The West moves to send its first concrete aid to Libya's rebellion in the east of the country, hoping to give it the momentum to oust Moammar Gadhafi. But the Libyan leader's regime clamps down in its stronghold in the capital of Tripoli, quashing an attempt to hold new protests as residents report skyrocketing food prices from the crisis.
The two sides in Libya's crisis appear entrenched in their positions, and the direction the uprising takes next could depend on which can hold out longest.
Egypt's top prosecutor seizes all the funds of ousted leader Hosni Mubarak and his family and bans them from travel abroad, the latest humiliation for the once-powerful family.
During the 18-day pro-democracy uprising, unconfirmed reports that Mubarak and his family might have amassed billions, or even tens of billions of dollars over their three decades in power fueled protesters already enraged over massive corruption and poverty in Egypt.
Anti-government protesters blockade Bahrain's parliament and mass outside the state broadcaster in efforts to escalate pressure on the nation's embattled monarchy after two weeks of nonstop marches and deadly clashes. The demonstrations appear part of a strategy to hold rallies at sensitive locations in the capital Manama while maintaining a round-the-clock protest base in a landmark square in the tiny Gulf kingdom.
Protesters set a supermarket ablaze and rally at two places in a seaside town in a third consecutive day of unrest that has included deadly clashes in the strategic Gulf nation. Security forces seal off main roads to Sohar, about 120 miles (200 kilometers) northwest of the capital of Muscat, in an attempt to isolate the protesters and keep crowds from swelling.
Yemen's president offers to form a unity government with opponents who want him out of office _ provided protests against him stop. President Ali Abdullah Saleh's offer is swiftly rejected by opposition figures. Saleh has come under mounting pressure in recent weeks to step down, with large daily rallies calling for his ouster. Key allies, including some tribal chiefs, have abandoned him.
Opposition leaders say youth join large police patrols to help keep the peace in Tunisia's tense capital after a weekend of deadly protests led to the resignation of the longtime prime minister. Tunis sees no new major demonstrations after weekend clashes between riot police and stone-throwing youths left at least five people dead. Amid the violence, Mohamed Ghannouchi quit after 11 years as prime minister.
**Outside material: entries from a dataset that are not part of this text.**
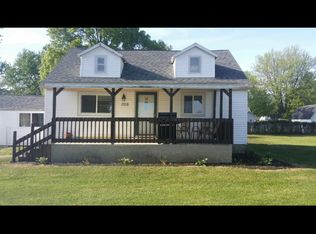 1716 E Dartmouth Ave, Muncie, IN 47303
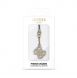 Guess - 4g Metallcharm Med Glitter
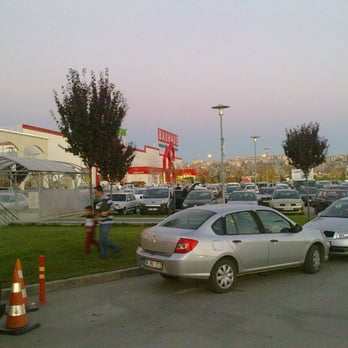 Forum Ankara - Shopping Centers Near Me - Ankara, 06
Iraq's prime minister calls for new provincial elections following anti-government protests that kill 14 people last week in a demonstration of the simmering anger many Iraqis feel at a government they say fails to provide basic services. Nouri al-Maliki tells a news conference he would ask the parliament to pass a law allowing for the early elections for the councils that rule Iraq's 18 provinces.